Axel Botte (Ostrum AM) | The EC recovery package “Recovery and Resilience Facility” draws on the joint France-Germany initiative to promote recovery efforts in Europe. Importantly, transfers across countries are no longer taboo. It is a great step forward to tackle increasing divergence in economic performances of member states. Under the proposal, the Commission will issue bonds with different maturities with the aim of minimizing funding cost.
The Next Generation EU fund, which is meant to address the eurozone’s main financing needs to counter the crisis, consists of €500bn delivered as grants according to country- specific financing needs and €250bn credited as loans. The news boosted the euro initially as the plans outstrip expectations for €500bn in funding previously proposed by Merkel and Macron.
Santander Corporate & Investment | Yesterday, the European Banking Authority (EBA) published a report with a preliminary assessment of the Covid-19 impact on the EU banking sector. The EBA flags up the fact that banks “entered the health crisis with strong solvency and liquidity reserves and managed the pressure on operational capacity by activating their contingency plans”. It also flags that “the crisis is expected to affect asset quality and therefore the future profitability of banks.
Martin Moryson (DWS ) | The data published yesterday by the Federal Statistical Office confirms the 2.2% decline in German economic output in the first quarter. This had already been calculated in a previous estimate. Combined with the last negative growth quarter of 2019, Germany is now officially in recession. However, Q1 is only the beginning. The real drama will only become evident in the figures for the Q2. Here we expect a 10 percent decline.
Olivia Álvarez (Monex Europe) | If the European Commission can get the EU-27 members on board with a project resembling the German-French initiative, markets could move significantly. Peripheral spreads can narrow notably from currently high levels and European stocks could deliver some rare outperformance. The euro could certainly recover from its depressed levels against the US dollar and other safe heaven currencies as the Swiss franc and the Japanese yen. This is particularly true given the notably bearish sentiment the single currency has recently attracted in futures markets.

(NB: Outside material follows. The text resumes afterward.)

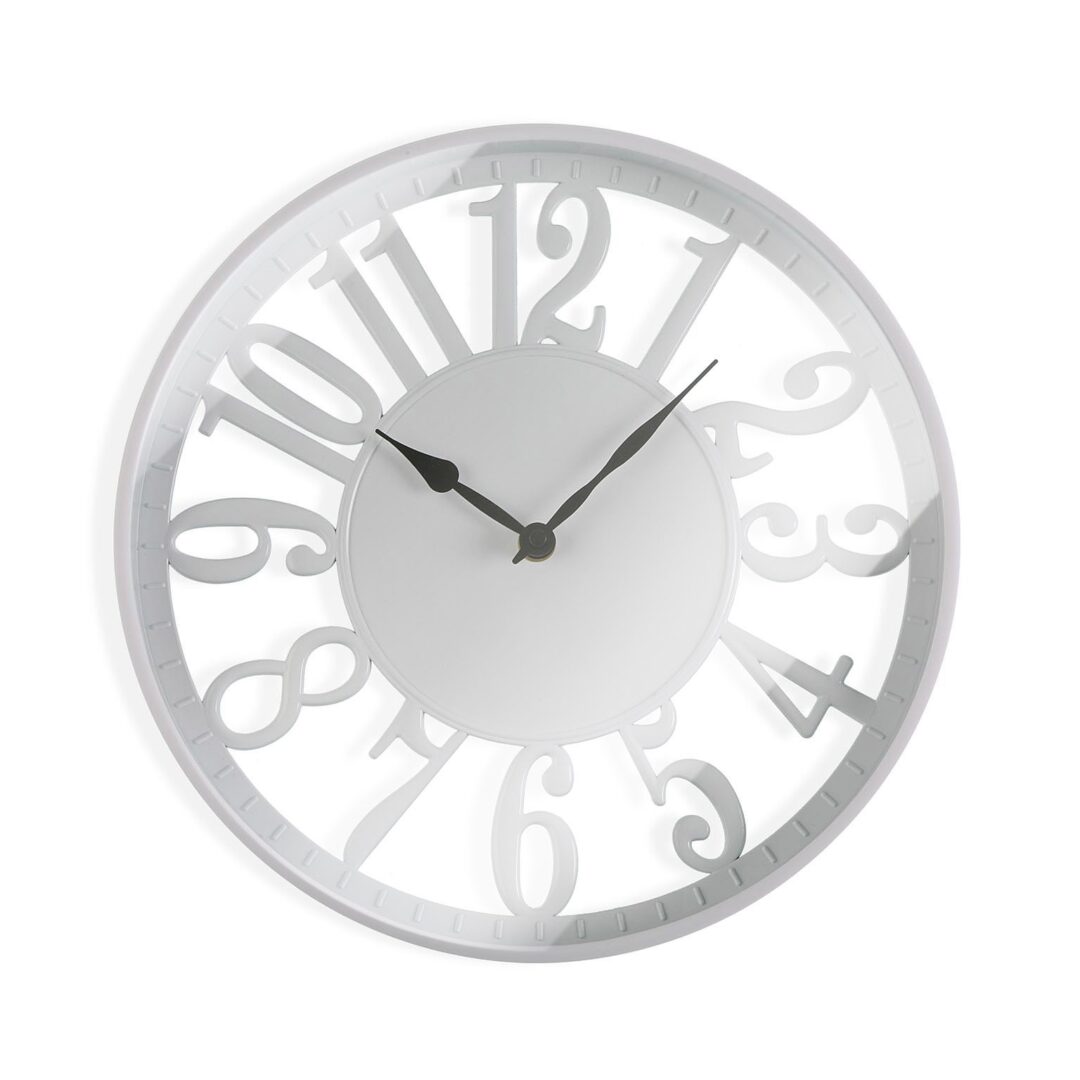 WHITE KITCHEN CLOCK 30 CM - BEST FOR Life Philosophy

Yves Bonzon (Julius Baer) | If the job losses are not quickly recouped, it must be expected that individuals will use their savings to support their consumption levels within a context of reduced incomes. This is a fundamentally different situation from the 2008 crisis when households (and companies, for that matter) had increased their savings sharply to compensate for the negative wealth shock resulting from the real estate and financial crisis.
BofA Global Research | We cut our Euro area GDP forecast to -8.3% this year and +4.6% next. The recovery will be weak, permanent income losses big. Fiscal stimulus is not enough to boost consumers and capex. Deficits will still be very big, c 17% cumulatively in 2020/21. The Franco-German initiative helps sentiment earlier than growth. ECB help will remain crucial. PEPP has to double, at least.
On Tuesday, the European Union’s economy and finance ministers (Ecofin) approved a temporary 100 billion euros fund that governments can use to finance their employment protection schemes, similar to Spain’s temporary lay-offs, amid the Covid-19 pandemic. The regulations establish a ceiling of 60 billion euros that cannot be exceeded by the three countries which have benefited most from the fund. This means that Spain could ask for a maximum of 20 billion euros from the SURE.
BofA Global Research | The Franco-German recovery fund initiative is a small positive surprise: EUR 500bn, joint EU issuance, allocated as grants. Caveats: it is too small in size to fix all problems, its exact design in allocation, repayment and timeline will be crucial. The political symbol could be strong, though, if the EU 27 can agree. The ECB may feel temporarily relieved now.
Santander Credit Research | So far this year, new registrations are down 42.4%, with a drop of 83.8% in April on top of falls of 55.6% in March, 7.2% in February and 8.2% in January. The UK, Italy, France and Spain were the most affected markets, with falls of 97.3%, 97.6%, 88.9% and 96.5% respectively, while the decline in Germany was limited to 61.1%. The extent of the decline in sales (at least in Q2’20) will be even worse than in 2008/09, when many car manufacturers and suppliers were in trouble.